Your copy of the entries below should hold exactly the lines from the one containing "Direto da fábrica" to the one containing "Satellite imagery of", inclusive, and no pictures.

[Opening TASK MATERIAL section]

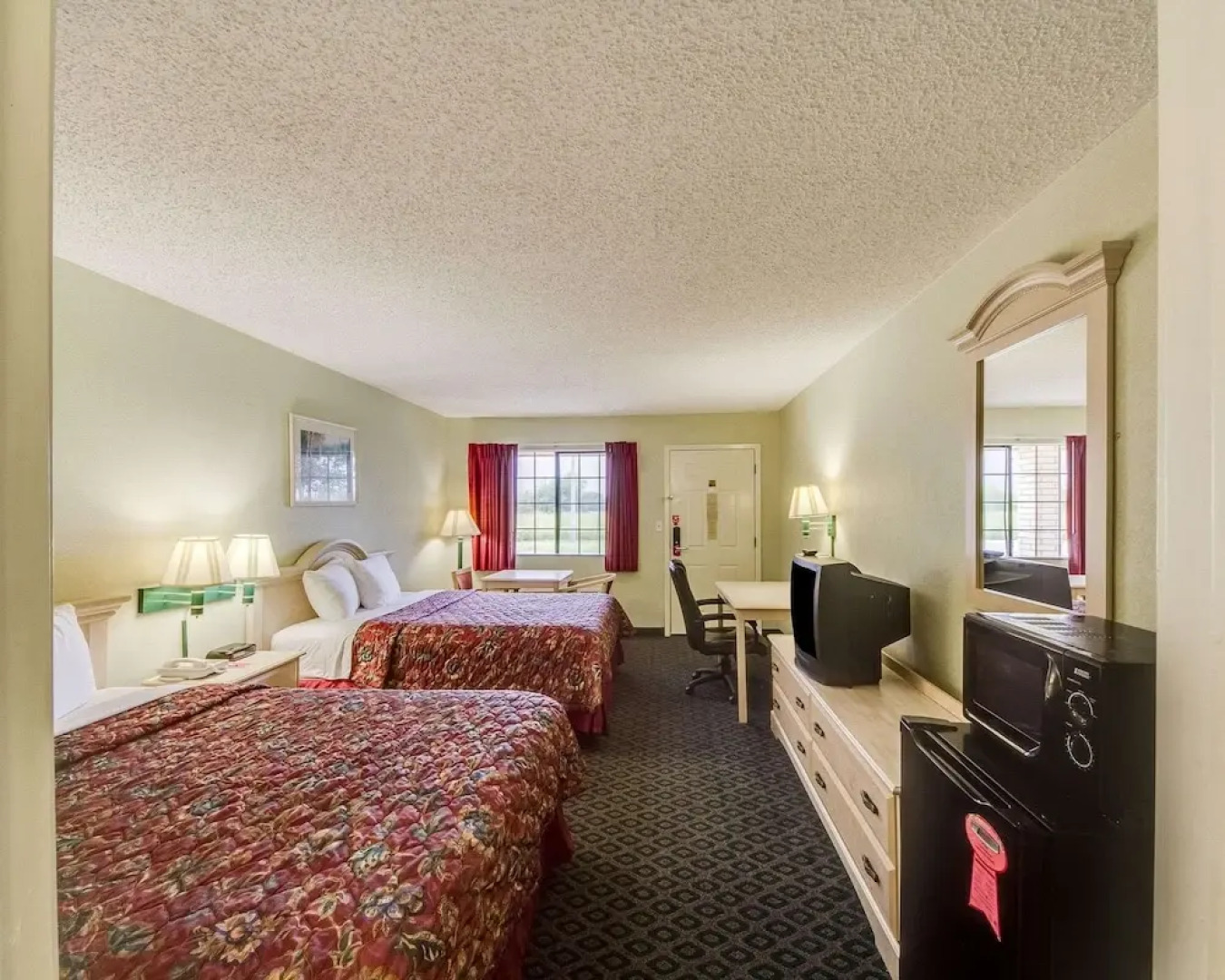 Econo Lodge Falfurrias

[Closing TASK MATERIAL section]
[Opening TASK MATERIAL section]

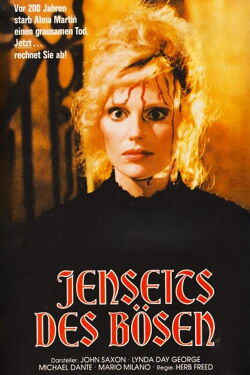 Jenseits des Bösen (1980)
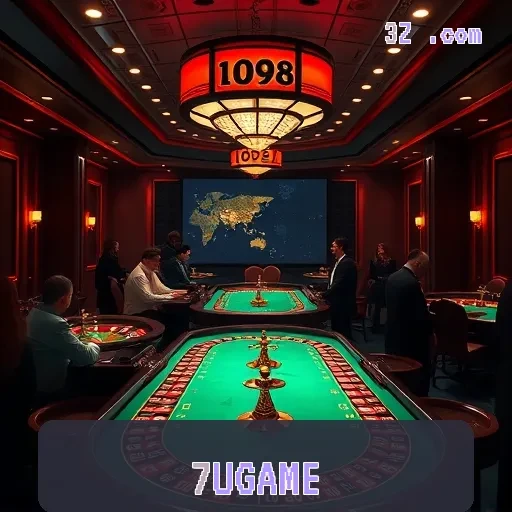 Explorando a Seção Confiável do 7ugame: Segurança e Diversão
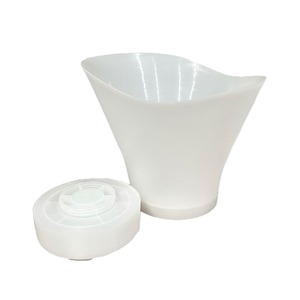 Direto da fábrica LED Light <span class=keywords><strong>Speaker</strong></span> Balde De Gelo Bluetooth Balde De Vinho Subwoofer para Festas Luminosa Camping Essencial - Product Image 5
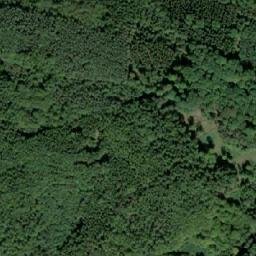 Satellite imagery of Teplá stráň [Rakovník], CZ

[Closing TASK MATERIAL section]
[Opening TASK MATERIAL section]

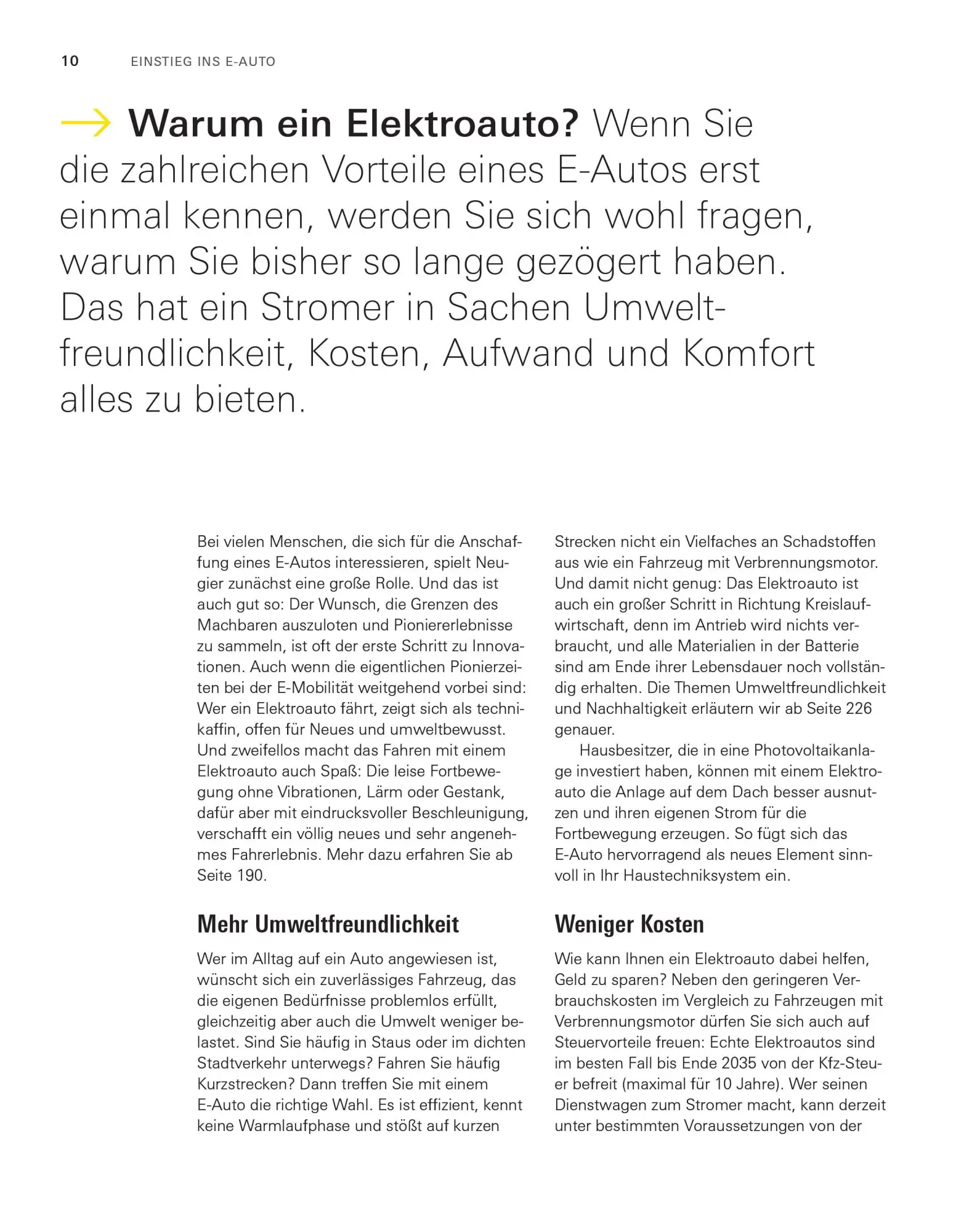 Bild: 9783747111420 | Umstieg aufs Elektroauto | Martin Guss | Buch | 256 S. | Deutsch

[Closing TASK MATERIAL section]

:: REPLY TO THE TASK ::
 Direto da fábrica LED Light <span class=keywords><strong>Speaker</strong></span> Balde De Gelo Bluetooth Balde De Vinho Subwoofer para Festas Luminosa Camping Essencial - Product Image 5
 Satellite imagery of Teplá stráň [Rakovník], CZ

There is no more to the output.